You might not think about it when you open your tap and have a glass of water. How did our water get so clean? Operations assistant, Anders Sørensen has the answer. He makes sure that the citizens of Aarhus Municipality have clean tap water.
A heavy smell of rotten egg hit the nostrils as Anders Sørensen opens the door to the water facility’s oxidation chamber. The smell is heavy in the air inside the grey concrete walls. The gas in the air is the result of an oxidation process where air bobbles of 2-3 millimetres is sent through the water to extract iron, hydrogen sulphide, and methane. Therefore, the smell is a natural part of the process when ground water becomes tap water at Kastedværket north of Aarhus.
Anders Sørensen is an operating assistant at Aarhus Vand. He has the responsibility for ensuring that Kastedværket can deliver clean tap water. At least once a month, he must go through the water board and the 16 drillings where the ground water is pumped up. Today, he starts the day at a water drilling a few hundred meters from the water board.
This water drilling is at a gravel road. A little square woodshed is built around the actual drilling, where the ground water is pumped up. An electrical fence makes sure that Anders does not get a visit from the nearby horses when he works at the site. The display at the water pump shows 0.0. There is no need for the pump to be running all the time.
“The older the water is when we pump it up, the better”, Anders Sørensen tells as his phone rings.
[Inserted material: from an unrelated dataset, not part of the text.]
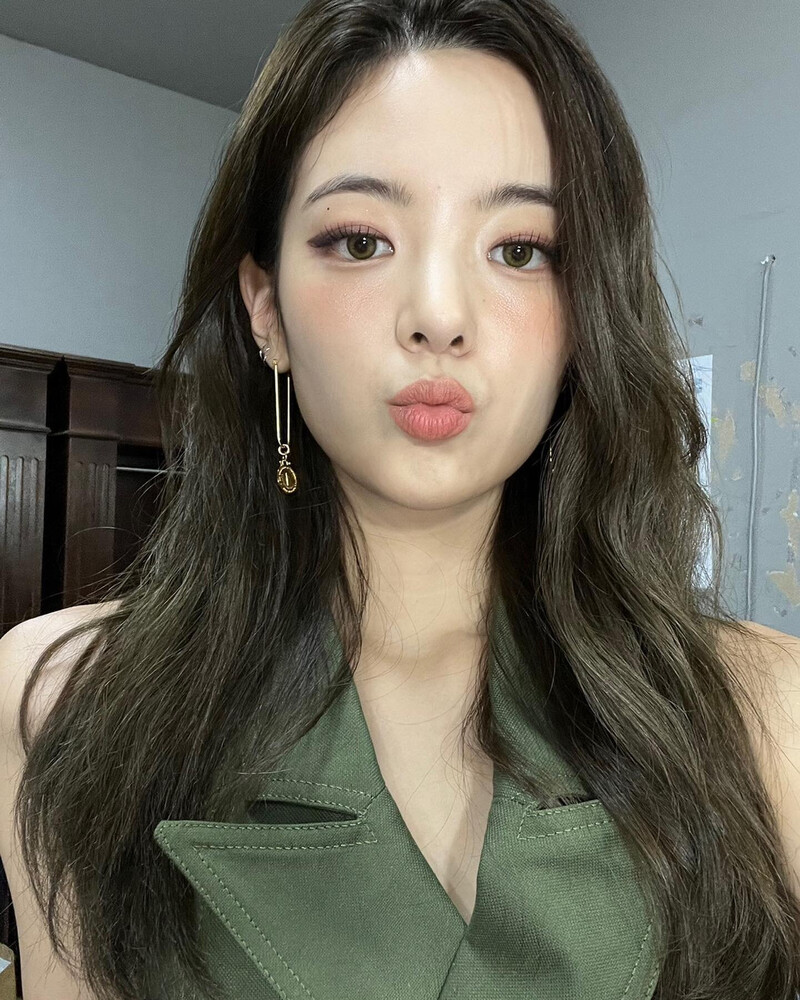 220901 ITZY Lia Instagram Update documents 15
With a quick touch on his earpiece, Anders answers the call. It is the co-worker Jesper Hansen which is helping with today’s inspection of the water board.
“Hang on for 2 seconds, then you can test out the security alarm on this drill site.”, Anders says and points to the alarm on the inside of the woodshed.
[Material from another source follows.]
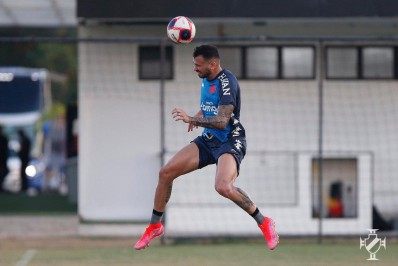 Vasco sofre com a defesa e Marcelo Cabo avalia mudanças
The citizens of Aarhus Municipality use approximately 120 litres of water per person a day. Kastedværket delivers water to about one fourth of the inhabitants of Aarhus in the middle and northern part of the municipality. Therefore, it is an important and responsible job that Anders does, when he ensures the operation at the water board.
Therefore, hygiene has always been of high priority, which has not become less during the Covid-19 pandemic. Face masks, latex gloves, sanitizer, and blue slippers on the shoes is a part of the daily routine.
Back at the water board it is time to have a closer look at the other part of the ground waters journey to become tap water. This part consists of several reservoirs where the water seeps through a sand filter, which looks like a big sandpit. Exactly like at the oxidations process, gasses, which smell sets deep in the nostrils, are extracted. However, this does not bother Anders. He believes that he, through his 8 years as operating assistant, has gotten used to the smell.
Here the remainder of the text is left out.